The priests and Levites asked John, “Who are you? Let us have an answer for those who sent us. What do you say about yourself?” +

“Who are you?” That’s a question that confronts us all from time to time, probably more often than we are aware. Sometimes we proclaim our identity without our even noticing we are doing so, as when we wear an I.D. card at work, clipped to a lapel or a pocket or a belt-loop, or on a cord or a ribbon or a chain around our necks. Most of us have probably been to meetings or conferences and been presented with one of those big sticky name tags saying, “Hello, My Name Is…” with a blank. Making sure everyone knows who’s who is important — at least everyone who is supposed to know. By wearing such a name tag you broadcast your identity to whomever wishes to take the time to look.
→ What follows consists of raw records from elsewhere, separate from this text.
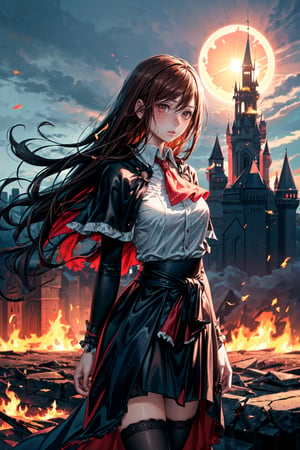 Gothic theme, ((Alone:1.4)), ((Solo:1.4)), ((MEDIUM FULL SHOT:1.5)),realistic, masterpiece,best quality,High definition, (realistic lighting, sharp focus), high resolution, ((volumetric light)), outdoors,  , ((a 25 years old woman on a desolate castle)),((thin waist, wide hips)), ((large breats:1.5)),  hair between eyes, ((looking at away:1.3)),  masterpiece, best quality, high detailed, picture perfect face,blush,freckles,charlotte aulin,perfect female body,long hair,brown hair, ascot,capelet,skirt,blue thighhighs, ((focus face:1.3)), dust, night, Dark orange sky, Eclipse, (castle in mid distance), fire all around, and burning fields, dark red clouds, fog, ashes, burning tree's,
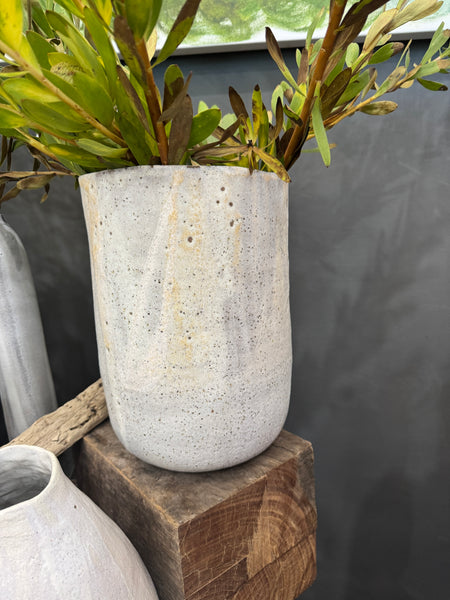 Drift Ceramics wide vase form in white, alternate view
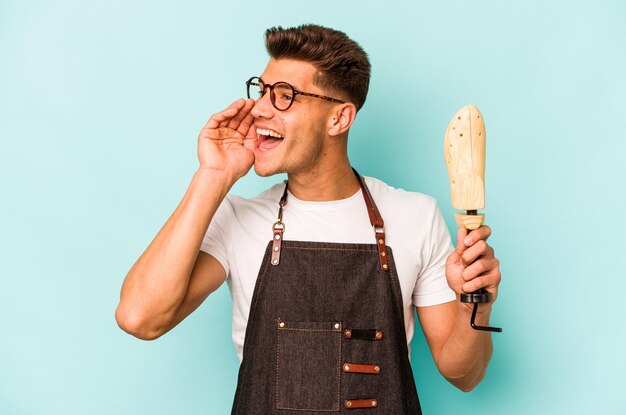 Shouting and holding palm near opened mouth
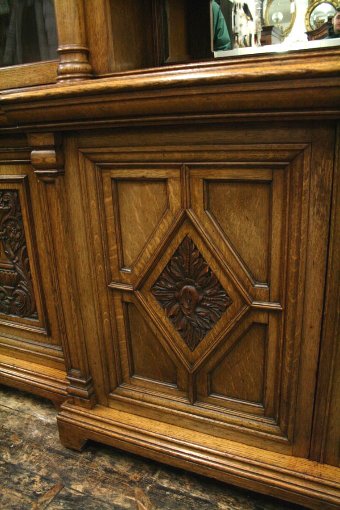 Antique Victorian Oak Four Door Cabinet Bookcase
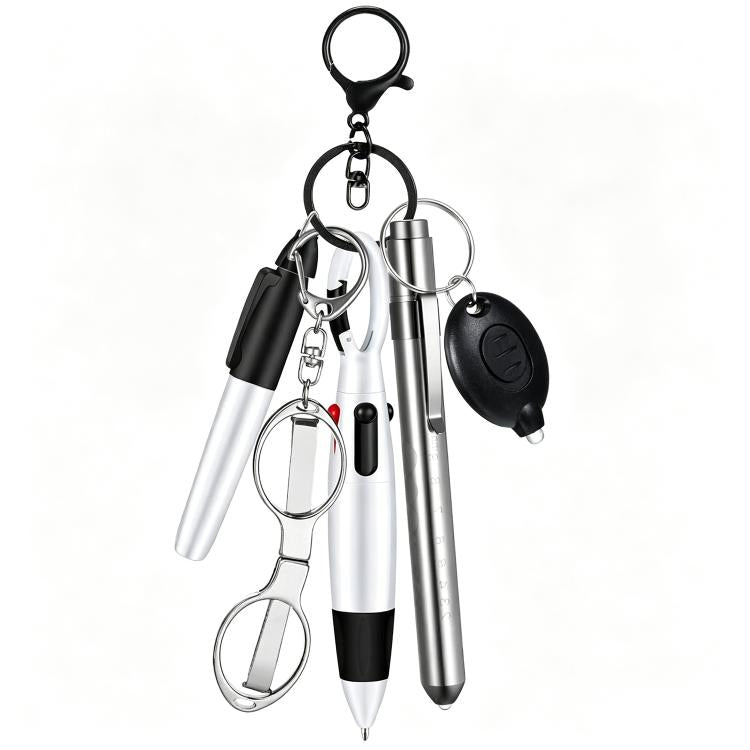 Multifunctional Nurse Ballpoint Pen Set with Flashlight Foldable Scissors Keychain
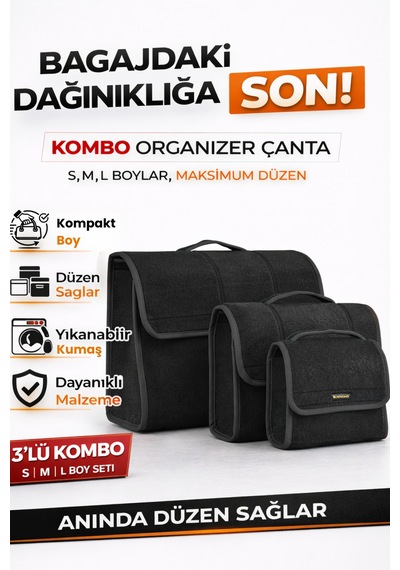 Oto Bagaj Organizer Bagaj Çantası 3'lü Kombo Boy Kaymaz Cırt Bantlı Velur Kompakt Düzenleyici - Vcx3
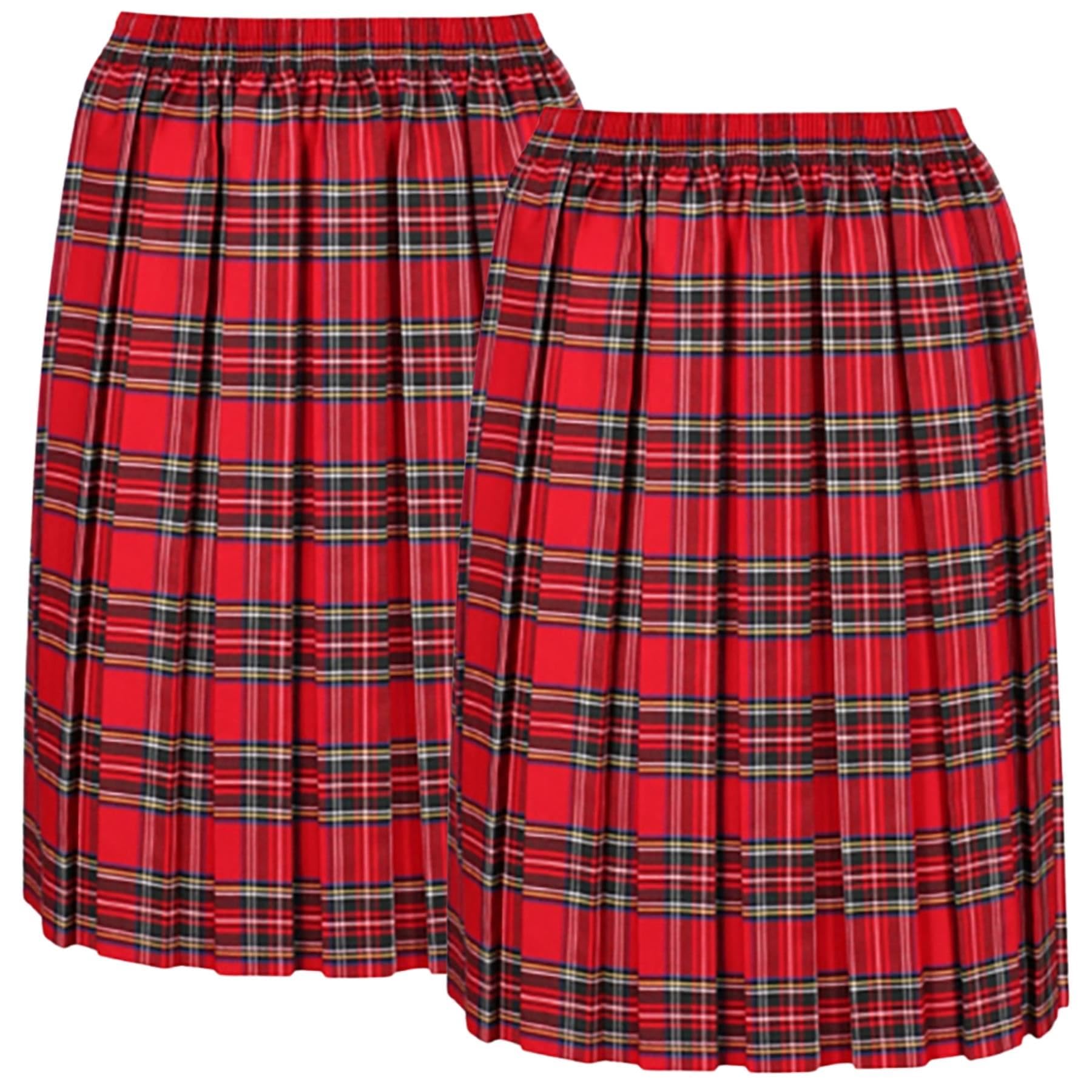 Confezione da 2 gonne scolastiche a pieghe, lunghezza al ginocchio, gonna a pieghe per uniforme scolastica, gonna a pieghe in vita elasticizzata a tutto tondo, gonne estive, taglie 2-18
I was once at a conference out west where the delegates were warned to remove their name tags if they ventured outside of the complex, outside of the hotel conference center— a thief could see your name, would know your room was empty, and might break in during your absence! Even something as seemingly innocent and harmless as a name tag
could get you into trouble.

Other forms of the question, “Who are you?” are even more obviously threatening. A sentry challenges you as you approach the border: “Who goes there?” Or the question can be phrased in such a way as to make you feel quite uncomfortable or useless or less than worthy, as in, “Who do you think you are?” or, even worse, “Who do you think you are?”

John the Baptist was on the receiving end of just this kind of harsh question in today’s Gospel. “Who are you?” the authorities demanded. John first established who he was not: not the Messiah, not Elijah, not the prophet. “Then who are you?” they demanded with impatience. John replied, “Just a voice crying out in the wilderness, Straighten things up! Get your act together.”

Not content with that answer, they continued to press him. “Then why are you baptizing, if your aren’t the Messiah, or Elijah, or the prophet?” (This is where the“Who do you think you are” tone of voice comes in!) And John had the last word as he says, in effect, “If you think the Messiah will simply baptize with water, you ain’t seen nothin’ yet!”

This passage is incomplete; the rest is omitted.